Linked Legal Data: A SKOS Vocabulary for the Code of Federal Regulations by Núria Casellas.
Abstract:
This paper describes the application of Semantic Web and Linked Data techniques and principles to regulatory information for the development of a SKOS vocabulary for the Code of Federal Regulations (in particular of Title 21, Food and Drugs). The Code of Federal Regulations is the codification of the general and permanent enacted rules generated by executive departments and agencies of the Federal Government of the United States, a regulatory corpus of large size, varied subject-matter and structural complexity. The CFR SKOS vocabulary is developed using a bottom-up approach for the extraction of terminology from text based on a combination of syntactic analysis and lexico-syntactic pattern matching. Although the preliminary results are promising, several issues (a method for hierarchy cycle control, expert evaluation and control support, named entity reduction, and adjective and prepositional modifier trimming) require improvement and revision before it can be implemented for search and retrieval enhacement of regulatory materials published by the Legal Information Institute. The vocabulary is part of a larger Linked Legal Data project, that aims at using Semantic Web technologies for the representation and management of legal data.

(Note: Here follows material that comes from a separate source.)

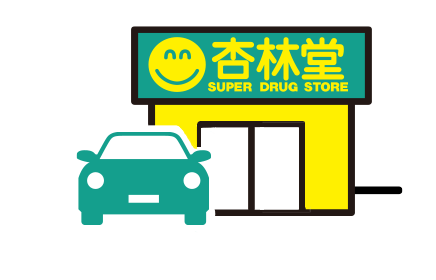 レジ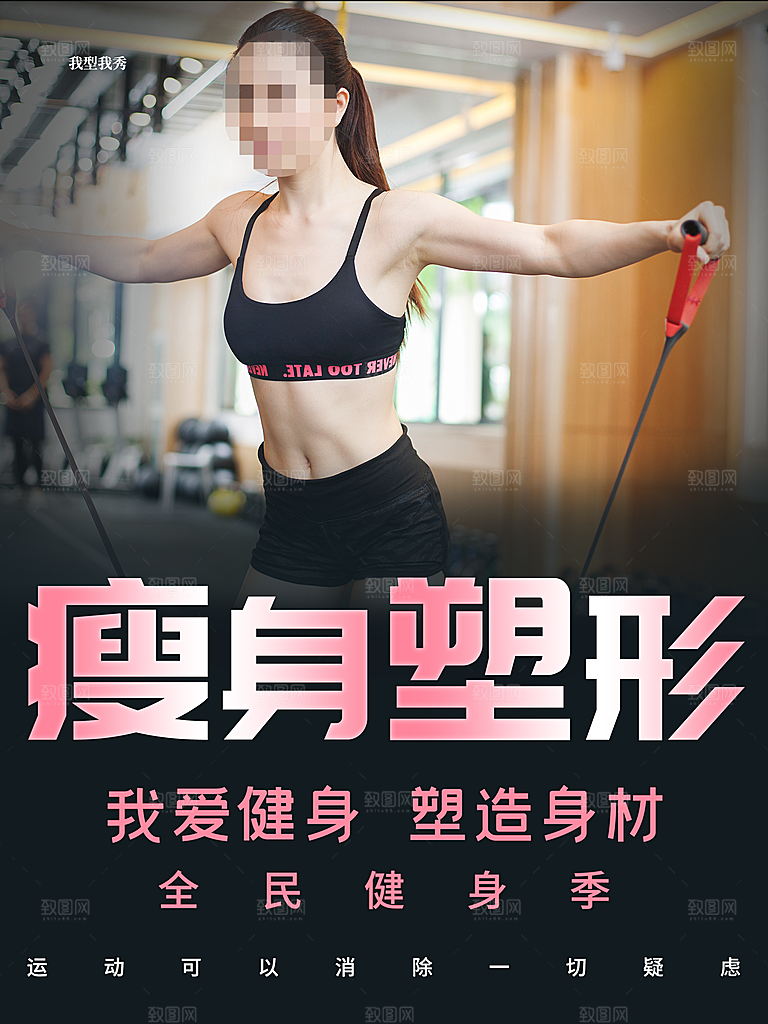 瘦身塑形美容整形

Considers use of nonregulatory vocabularies, conversion of existing indexing materials and finally settles on NLP processing of the text.
Granting that Title 21, Food and Drugs is no walk in the part, take a peek at the regulations for Title 26, Internal Revenue Code. 😉
A difficulty that I didn’t see mentioned is the changing semantics in statutory law and regulations.
The definition of “person,” for example, varies widely depending upon where it appears. Both chronologically and synchronically.
Moreover, if I have a nonregulatory vocabulary and/or CFR indexes, why shouldn’t that map to the CFR SKOS vocabulary?
I may not have the “correct” index but the one I prefer to use. Shouldn’t that be enabled?
I first saw this at Legal Informatics.